EXERCISE PROMPT —
Transcribe the listing below only from the line with "The appearance of" up to and including the line with "Квартира Роскошная двухкомнатная".
§
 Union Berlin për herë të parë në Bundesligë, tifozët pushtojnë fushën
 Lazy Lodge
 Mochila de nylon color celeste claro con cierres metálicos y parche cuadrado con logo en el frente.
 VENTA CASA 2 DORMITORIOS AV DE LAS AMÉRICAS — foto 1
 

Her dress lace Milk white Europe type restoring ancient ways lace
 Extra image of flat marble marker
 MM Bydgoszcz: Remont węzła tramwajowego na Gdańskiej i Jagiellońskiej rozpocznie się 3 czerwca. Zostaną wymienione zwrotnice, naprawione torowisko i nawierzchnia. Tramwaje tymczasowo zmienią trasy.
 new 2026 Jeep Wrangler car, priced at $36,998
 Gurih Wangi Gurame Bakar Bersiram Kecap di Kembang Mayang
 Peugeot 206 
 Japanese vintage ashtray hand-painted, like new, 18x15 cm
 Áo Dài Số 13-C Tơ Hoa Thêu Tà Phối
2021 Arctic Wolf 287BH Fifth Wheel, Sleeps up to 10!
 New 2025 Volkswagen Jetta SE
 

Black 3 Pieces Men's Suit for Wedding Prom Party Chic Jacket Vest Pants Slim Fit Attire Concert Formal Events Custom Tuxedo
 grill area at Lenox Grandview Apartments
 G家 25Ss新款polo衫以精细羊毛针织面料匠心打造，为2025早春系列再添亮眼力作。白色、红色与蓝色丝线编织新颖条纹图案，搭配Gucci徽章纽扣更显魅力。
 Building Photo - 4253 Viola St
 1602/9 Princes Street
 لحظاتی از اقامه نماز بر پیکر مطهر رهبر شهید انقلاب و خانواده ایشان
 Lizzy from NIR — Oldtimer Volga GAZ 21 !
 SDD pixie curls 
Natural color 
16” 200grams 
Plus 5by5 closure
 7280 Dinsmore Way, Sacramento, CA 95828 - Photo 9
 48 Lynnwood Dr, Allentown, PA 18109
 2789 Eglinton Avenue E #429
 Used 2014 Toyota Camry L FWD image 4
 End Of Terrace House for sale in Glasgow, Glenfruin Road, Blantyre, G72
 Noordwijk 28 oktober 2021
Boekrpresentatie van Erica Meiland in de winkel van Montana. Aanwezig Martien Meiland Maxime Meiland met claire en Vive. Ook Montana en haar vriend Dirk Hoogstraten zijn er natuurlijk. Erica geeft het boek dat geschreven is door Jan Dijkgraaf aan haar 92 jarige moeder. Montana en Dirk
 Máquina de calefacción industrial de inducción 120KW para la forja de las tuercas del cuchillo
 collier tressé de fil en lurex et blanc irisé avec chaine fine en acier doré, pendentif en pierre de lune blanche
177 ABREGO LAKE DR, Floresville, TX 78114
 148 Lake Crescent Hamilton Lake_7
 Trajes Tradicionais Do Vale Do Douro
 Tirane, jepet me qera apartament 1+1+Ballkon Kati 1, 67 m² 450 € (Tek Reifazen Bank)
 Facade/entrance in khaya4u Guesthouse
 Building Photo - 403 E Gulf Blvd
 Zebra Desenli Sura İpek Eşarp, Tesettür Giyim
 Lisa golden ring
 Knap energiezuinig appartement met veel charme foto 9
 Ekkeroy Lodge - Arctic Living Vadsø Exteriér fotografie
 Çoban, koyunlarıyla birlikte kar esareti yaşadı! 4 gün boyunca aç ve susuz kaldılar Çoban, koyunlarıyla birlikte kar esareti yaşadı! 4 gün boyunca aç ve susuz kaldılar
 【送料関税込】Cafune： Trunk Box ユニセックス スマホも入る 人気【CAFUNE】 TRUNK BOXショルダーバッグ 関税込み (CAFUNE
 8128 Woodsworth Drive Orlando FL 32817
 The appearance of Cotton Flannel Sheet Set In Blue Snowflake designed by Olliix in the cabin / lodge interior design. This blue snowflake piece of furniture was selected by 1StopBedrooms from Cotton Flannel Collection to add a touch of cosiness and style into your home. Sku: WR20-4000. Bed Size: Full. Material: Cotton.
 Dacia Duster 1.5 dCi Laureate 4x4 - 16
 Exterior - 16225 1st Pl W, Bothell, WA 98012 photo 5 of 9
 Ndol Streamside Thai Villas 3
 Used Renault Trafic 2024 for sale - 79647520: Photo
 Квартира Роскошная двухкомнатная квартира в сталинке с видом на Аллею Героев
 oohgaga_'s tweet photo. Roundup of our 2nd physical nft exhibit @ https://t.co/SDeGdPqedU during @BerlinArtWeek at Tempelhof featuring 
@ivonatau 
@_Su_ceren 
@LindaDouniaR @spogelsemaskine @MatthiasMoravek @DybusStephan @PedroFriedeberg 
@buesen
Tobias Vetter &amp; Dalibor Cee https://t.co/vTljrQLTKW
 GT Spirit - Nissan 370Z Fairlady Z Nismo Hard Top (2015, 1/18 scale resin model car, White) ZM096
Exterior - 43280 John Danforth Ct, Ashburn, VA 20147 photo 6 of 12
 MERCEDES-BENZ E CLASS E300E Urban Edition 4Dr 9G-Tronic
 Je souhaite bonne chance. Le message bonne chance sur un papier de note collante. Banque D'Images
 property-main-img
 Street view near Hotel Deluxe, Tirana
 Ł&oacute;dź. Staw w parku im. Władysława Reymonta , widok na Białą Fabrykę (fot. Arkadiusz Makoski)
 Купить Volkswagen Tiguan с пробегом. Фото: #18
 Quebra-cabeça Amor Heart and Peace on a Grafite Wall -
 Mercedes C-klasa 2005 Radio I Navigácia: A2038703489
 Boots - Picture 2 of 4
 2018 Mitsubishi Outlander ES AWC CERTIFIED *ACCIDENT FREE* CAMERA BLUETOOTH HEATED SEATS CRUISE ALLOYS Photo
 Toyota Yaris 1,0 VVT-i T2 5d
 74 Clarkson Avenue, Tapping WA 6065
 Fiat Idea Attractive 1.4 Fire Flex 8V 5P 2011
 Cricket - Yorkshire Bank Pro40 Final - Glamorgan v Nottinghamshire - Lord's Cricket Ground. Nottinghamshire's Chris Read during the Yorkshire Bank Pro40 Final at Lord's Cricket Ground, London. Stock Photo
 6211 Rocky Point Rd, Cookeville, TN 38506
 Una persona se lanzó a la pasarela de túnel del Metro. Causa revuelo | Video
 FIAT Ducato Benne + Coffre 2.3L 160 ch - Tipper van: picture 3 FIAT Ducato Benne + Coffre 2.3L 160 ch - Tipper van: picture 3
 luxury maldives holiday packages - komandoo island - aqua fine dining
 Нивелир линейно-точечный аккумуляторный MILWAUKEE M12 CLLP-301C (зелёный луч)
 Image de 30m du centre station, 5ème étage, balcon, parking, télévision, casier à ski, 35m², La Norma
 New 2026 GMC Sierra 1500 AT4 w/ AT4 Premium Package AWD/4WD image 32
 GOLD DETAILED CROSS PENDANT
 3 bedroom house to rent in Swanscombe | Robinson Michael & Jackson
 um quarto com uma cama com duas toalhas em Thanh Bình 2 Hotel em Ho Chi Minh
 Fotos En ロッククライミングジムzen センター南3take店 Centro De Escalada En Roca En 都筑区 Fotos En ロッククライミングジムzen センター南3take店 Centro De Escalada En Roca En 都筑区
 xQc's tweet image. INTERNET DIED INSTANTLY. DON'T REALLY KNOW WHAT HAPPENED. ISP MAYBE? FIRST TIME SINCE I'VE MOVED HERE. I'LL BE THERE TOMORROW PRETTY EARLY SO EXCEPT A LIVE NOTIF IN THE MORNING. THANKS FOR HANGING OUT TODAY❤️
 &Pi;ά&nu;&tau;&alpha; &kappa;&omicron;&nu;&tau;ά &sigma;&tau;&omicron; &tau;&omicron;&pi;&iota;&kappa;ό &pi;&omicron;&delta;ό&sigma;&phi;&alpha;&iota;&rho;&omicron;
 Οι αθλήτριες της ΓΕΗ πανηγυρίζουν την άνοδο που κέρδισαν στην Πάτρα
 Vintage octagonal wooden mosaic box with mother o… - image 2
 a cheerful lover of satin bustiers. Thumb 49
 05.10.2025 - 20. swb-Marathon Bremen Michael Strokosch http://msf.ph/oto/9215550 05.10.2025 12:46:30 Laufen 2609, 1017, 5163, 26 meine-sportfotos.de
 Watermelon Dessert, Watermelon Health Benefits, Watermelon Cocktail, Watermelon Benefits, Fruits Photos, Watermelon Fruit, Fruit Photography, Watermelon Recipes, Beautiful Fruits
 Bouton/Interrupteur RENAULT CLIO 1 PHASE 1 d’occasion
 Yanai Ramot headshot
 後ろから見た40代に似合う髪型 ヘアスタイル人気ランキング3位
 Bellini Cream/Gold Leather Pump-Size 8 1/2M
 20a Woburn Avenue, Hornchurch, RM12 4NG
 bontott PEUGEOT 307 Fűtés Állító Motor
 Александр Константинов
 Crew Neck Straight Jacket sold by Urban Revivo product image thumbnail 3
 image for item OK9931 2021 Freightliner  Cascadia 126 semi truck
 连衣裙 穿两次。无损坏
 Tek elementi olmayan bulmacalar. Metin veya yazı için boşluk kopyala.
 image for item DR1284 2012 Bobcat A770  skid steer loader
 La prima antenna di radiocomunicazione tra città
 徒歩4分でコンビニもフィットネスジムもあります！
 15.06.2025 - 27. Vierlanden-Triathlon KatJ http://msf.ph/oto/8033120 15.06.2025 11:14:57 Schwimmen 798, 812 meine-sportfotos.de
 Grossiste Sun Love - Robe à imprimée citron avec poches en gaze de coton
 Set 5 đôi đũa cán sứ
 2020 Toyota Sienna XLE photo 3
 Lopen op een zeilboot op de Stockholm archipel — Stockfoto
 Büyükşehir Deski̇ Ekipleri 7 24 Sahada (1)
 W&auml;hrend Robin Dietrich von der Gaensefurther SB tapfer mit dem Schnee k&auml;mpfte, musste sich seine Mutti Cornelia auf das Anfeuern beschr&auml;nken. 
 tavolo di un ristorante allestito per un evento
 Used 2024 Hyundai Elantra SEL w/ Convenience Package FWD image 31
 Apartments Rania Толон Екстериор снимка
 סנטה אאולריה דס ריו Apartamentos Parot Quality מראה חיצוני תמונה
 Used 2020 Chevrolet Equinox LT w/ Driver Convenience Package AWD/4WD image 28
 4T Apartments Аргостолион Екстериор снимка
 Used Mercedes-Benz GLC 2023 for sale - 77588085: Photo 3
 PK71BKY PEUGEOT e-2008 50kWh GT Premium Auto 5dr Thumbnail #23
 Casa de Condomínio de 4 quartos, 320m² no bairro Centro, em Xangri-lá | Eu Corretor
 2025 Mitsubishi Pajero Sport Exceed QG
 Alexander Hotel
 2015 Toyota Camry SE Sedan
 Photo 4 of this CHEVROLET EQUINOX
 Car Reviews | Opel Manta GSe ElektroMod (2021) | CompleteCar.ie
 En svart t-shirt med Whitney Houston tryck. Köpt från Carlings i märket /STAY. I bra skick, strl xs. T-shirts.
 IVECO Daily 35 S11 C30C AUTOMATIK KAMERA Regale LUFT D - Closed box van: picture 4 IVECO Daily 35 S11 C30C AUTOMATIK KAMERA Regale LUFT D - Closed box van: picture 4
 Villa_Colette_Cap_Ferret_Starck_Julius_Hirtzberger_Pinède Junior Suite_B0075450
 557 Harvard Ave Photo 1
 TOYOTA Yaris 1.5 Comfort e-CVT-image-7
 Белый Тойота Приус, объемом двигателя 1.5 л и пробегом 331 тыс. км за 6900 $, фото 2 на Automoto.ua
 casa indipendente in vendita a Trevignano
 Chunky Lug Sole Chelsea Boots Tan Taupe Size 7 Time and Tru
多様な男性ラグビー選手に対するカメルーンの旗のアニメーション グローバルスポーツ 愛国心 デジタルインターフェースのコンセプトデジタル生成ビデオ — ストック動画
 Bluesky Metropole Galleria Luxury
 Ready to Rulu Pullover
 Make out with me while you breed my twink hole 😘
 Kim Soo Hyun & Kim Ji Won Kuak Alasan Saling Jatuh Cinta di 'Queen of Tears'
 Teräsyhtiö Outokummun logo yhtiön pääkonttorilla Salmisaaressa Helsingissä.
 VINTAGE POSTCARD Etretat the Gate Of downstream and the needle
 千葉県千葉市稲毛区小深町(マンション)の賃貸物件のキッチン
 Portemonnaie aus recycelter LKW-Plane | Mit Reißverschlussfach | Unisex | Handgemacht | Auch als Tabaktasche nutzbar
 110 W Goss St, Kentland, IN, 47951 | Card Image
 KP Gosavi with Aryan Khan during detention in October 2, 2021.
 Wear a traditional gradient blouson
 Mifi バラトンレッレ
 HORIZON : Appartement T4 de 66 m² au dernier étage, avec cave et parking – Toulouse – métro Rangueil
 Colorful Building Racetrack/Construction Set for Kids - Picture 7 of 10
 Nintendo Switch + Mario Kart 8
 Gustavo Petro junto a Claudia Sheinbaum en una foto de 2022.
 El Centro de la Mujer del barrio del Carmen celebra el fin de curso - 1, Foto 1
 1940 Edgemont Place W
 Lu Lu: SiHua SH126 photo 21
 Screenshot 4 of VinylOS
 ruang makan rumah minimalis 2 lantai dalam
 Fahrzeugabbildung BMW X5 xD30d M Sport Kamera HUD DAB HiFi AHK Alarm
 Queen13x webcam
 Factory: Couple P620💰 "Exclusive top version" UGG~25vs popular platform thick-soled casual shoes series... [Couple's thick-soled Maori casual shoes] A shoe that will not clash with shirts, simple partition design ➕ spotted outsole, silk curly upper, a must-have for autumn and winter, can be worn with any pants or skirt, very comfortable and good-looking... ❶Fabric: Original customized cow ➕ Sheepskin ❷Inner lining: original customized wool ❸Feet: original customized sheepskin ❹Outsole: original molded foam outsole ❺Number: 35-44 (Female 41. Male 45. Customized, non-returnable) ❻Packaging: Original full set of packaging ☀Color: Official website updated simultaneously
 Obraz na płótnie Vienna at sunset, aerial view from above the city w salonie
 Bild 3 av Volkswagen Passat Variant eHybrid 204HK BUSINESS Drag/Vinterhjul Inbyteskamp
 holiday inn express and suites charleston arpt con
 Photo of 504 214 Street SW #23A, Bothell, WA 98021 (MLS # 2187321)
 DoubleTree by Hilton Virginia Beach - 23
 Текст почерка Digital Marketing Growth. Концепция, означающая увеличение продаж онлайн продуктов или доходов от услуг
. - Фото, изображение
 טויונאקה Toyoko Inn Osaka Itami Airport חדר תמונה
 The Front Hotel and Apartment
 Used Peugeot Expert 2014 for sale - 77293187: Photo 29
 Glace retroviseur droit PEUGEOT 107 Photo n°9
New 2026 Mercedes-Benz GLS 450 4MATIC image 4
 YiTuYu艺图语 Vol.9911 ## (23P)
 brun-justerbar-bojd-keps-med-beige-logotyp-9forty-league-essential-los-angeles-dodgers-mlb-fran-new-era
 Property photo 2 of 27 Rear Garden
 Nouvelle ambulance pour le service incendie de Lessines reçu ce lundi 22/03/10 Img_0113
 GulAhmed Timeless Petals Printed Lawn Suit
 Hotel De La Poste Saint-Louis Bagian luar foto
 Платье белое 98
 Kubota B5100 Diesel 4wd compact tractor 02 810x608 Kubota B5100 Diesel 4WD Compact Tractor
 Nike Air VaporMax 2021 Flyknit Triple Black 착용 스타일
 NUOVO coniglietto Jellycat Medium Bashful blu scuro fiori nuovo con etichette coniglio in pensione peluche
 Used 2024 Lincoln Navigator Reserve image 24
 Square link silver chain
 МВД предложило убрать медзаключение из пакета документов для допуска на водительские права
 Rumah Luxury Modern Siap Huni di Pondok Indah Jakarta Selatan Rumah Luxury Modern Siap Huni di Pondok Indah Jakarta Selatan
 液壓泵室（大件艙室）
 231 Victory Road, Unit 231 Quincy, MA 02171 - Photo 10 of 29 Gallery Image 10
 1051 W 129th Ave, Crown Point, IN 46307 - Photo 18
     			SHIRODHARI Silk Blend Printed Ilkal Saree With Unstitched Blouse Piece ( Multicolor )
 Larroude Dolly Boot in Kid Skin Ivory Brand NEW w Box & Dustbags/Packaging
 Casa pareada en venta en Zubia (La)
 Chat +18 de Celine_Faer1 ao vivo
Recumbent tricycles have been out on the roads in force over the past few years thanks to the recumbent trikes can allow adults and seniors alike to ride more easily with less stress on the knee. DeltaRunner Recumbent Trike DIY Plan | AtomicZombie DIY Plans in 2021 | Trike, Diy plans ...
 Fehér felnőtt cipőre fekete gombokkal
§
ANSWER SPACE —
 The appearance of Cotton Flannel Sheet Set In Blue Snowflake designed by Olliix in the cabin / lodge interior design. This blue snowflake piece of furniture was selected by 1StopBedrooms from Cotton Flannel Collection to add a touch of cosiness and style into your home. Sku: WR20-4000. Bed Size: Full. Material: Cotton.
 Dacia Duster 1.5 dCi Laureate 4x4 - 16
 Exterior - 16225 1st Pl W, Bothell, WA 98012 photo 5 of 9
 Ndol Streamside Thai Villas 3
 Used Renault Trafic 2024 for sale - 79647520: Photo
 Квартира Роскошная двухкомнатная квартира в сталинке с видом на Аллею Героев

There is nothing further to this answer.